Koen.Holtman comments on Counterfactual control incentives

Koen.Holtman 25 Feb 2021 13:12 UTC
LW: 3 AF: 3
AF
Thanks for working on this! I my opinion, the management of incentives via counterfactuals is a very promising route to improving AGI safety, and this route has been under-explored by the community so far.

I am writing several comments on this post, this is the first one.

My goal is to identify and discuss angles of the problem which have not been identified in the post itself, and to identify related work.

On related work: there are obvious parallels between the counterfactual agent designs discussed in “The Incentives that Shape Behaviour” and the post above and the ITC agent that I constructed in my recent paper Counterfactual Planning. This post, about the paper presents the ITC agent construction in a more summarized way.

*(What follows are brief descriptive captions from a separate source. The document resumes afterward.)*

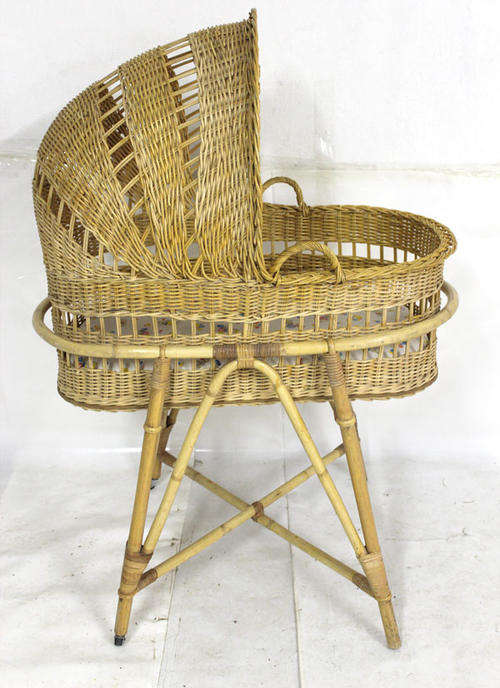 Vintage wicker cot with castors on 2 legs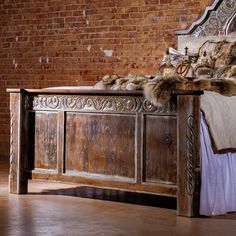 an old wooden bed with fur on the headboard and foot board, in front of a brick wall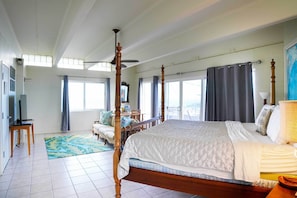 Ein geräumiges Schlafzimmer mit einem großen Bett, einem Deckenventilator und Blick auf die Stadt.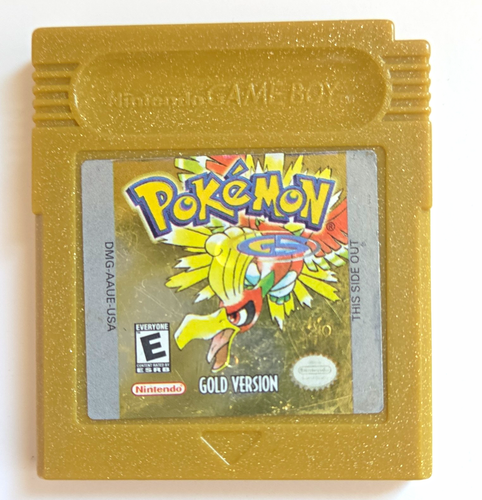 Gold Pristine CIB Game Boy with Pokémon logo, yellow border, and Nintendo, Sony, and ESRB logos on cartridge.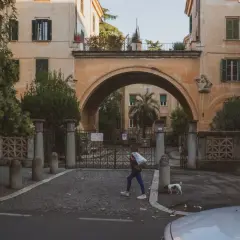 Una ragazza attraversa un arco a Montesacro, Roma. Scopri come arrivare in questo quartiere caratteristico.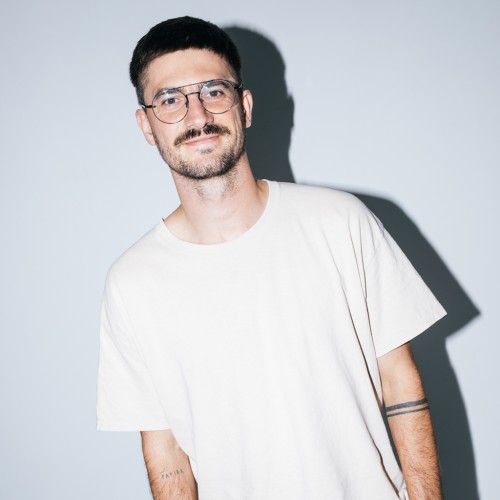 Auf dem Bild Alex Elsner zu sehen. Er trägt ein weißes T-Shirt, eine Brille it dünnem Gestell, hat braune Haare und braunen Bart.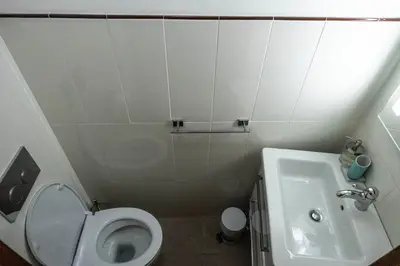 a small bathroom with a toilet and a sink at La Vite 94 in Rome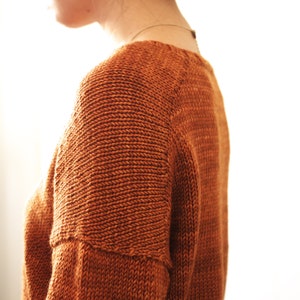 May include: A close-up of a person wearing a rust-colored knitted sweater with a textured stitch pattern. The sweater has a round neckline and long sleeves.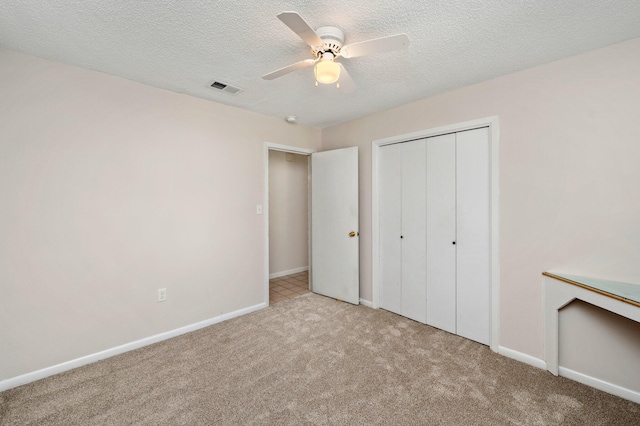 unfurnished bedroom featuring light carpet, a closet, a textured ceiling, and ceiling fan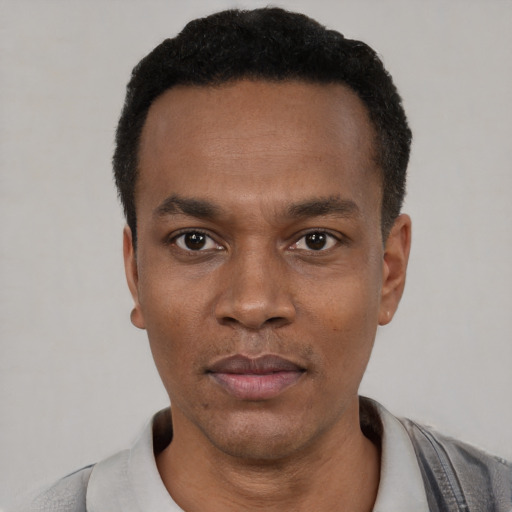 Neutral black young-adult male with short  black hair and brown eyes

The main difference is that “The Incentives that Shape Behaviour” and the post above are about incentives in single-action agents, in my paper and related sequence I generalize to multi-action agents.

Quick pictorial comparison:

From “The Incentives that Shape Behaviour”:

From “Counterfactual Planning”:

The similarity in construction is that some of the arrows into the yellow utility nodes emerge from a node that represents the past: the ‘model of original opinions’ in the first picture and the node $I_{0}$ in the second picture. This construction removes the agent’s control incentive on the downstream nodes, ‘influenced user opinions’ and $I_{1}, I_{2}, \dots$ .

In the terminology I developed for my counterfactual planning paper, both pictures above depict ‘counterfactual planning worlds’ because the projected mechanics of how the agent’s blue decision nodes determine outcomes in the model are different from the real-world mechanics that will determine the real-world outcomes that these decisions will have.